Adam Mars-Jones is somewhat of an enigma as a writer. He was selected by Granta as one of its 20 'Best of British Young Novelists' in both 1983 and 1993, but Cedilla is only his third novel (The Waters of Thirst appeared in 1993, and Pilcrow in 2008). Cedilla is the second volume of a trilogy, and follows closely on from the end of Pilcrow. The story is that of John Pilcrow, physically crippled by Still’s Disease but with his mind and determination to live an independent life very much intact. In Cedilla, he goes to University, travels and becomes independent. I suspect it would be best to read Pilcrow first, before attempting Cedilla. This is an ambitious work attracting critical praise and it is probably a good time to get aboard the bandwagon.
Mars-Jones was born in London in 1954. Educated at Westminster School and Trinity Hall, Cambridge, he studied and then taught Creative Writing at the University of Virginia. He was film critic for The Independent between 1986 and 1997 and for The Times between 1998 and 2000. He is an occasional contributor to The Guardian and the Times Literary Supplement, and a regular reviewer for The Observer. His fiction includes the collections of short stories, Lantern Lecture (1981), his first book, winner of a Somerset Maugham Award; and Monopolies of Loss (1992). The Darker Proof: Stories from a Crisis (1987) was co-written with Edmund White. Mars-Jones' first novel, The Waters of Thirst, was published in 1993. Blind Bitter Happiness (1997), a collection of essays, includes 'Venus Envy', originally published as a pamphlet in the CounterBlasts series in 1990. Pilcrow was published in 2008.

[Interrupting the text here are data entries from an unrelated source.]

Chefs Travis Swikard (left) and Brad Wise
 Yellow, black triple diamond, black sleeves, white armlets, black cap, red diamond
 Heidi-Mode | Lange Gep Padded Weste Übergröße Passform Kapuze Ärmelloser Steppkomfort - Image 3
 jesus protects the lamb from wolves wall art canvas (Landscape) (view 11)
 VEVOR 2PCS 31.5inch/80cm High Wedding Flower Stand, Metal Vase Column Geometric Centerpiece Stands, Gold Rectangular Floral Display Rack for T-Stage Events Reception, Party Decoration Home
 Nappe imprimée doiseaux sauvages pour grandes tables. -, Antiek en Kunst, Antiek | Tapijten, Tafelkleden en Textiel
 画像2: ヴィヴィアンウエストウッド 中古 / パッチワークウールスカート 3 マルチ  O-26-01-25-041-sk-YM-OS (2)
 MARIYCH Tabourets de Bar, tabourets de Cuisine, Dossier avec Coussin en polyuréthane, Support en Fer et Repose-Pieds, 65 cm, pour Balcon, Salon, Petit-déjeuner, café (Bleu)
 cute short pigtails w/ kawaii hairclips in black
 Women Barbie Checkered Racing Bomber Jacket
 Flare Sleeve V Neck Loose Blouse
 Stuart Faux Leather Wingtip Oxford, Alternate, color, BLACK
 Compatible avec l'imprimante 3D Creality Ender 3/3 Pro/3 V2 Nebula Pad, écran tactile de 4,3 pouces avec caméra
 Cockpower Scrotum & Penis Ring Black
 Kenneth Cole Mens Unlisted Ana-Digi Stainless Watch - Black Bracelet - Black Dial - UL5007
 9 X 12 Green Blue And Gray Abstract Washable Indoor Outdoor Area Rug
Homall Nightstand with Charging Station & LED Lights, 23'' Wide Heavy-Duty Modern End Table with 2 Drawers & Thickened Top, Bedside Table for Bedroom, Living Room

“Cedilla continues the history of John Cromer begun by Pilcrow, described by the London Review of Books as "peculiar, original, utterly idiosyncratic" and by the Sunday Times as "truly exhilarating". These huge and sparkling books are particularly surprising coming from a writer of previously (let’s be tactful) modest productivity, who had seemed stubbornly attached to small forms. Now the alleged miniaturist has rumbled into the literary traffic in his monster truck, and seems determined to overtake Proust’s cork-lined limousine while it’s stopped at the lights. John Cromer is the weakest hero in literature -- unless he’s one of the strongest. In Cedilla he launches himself into the wider world of mainstream education, and comes upon deeper joys, subtler setbacks. The tone and texture of the two books is similar, but their emotional worlds are very different. The slow unfolding of themes is perhaps closer to Indian classical music than the Western tradition -- raga/saga, anyone? This isn’t an epic novel as such things are normally understood, to be sure. It contains no physical battles and the bare minimum of travel, yet surely it qualifies. None of the reviews of Pilcrow explicitly compared it to a coral reef made of a billion tiny Crunchie bars, but that was the drift of opinion. Page by page, Cedilla too provides unfailing pleasure. It’s the book you can read between meals without ruining your appetite.”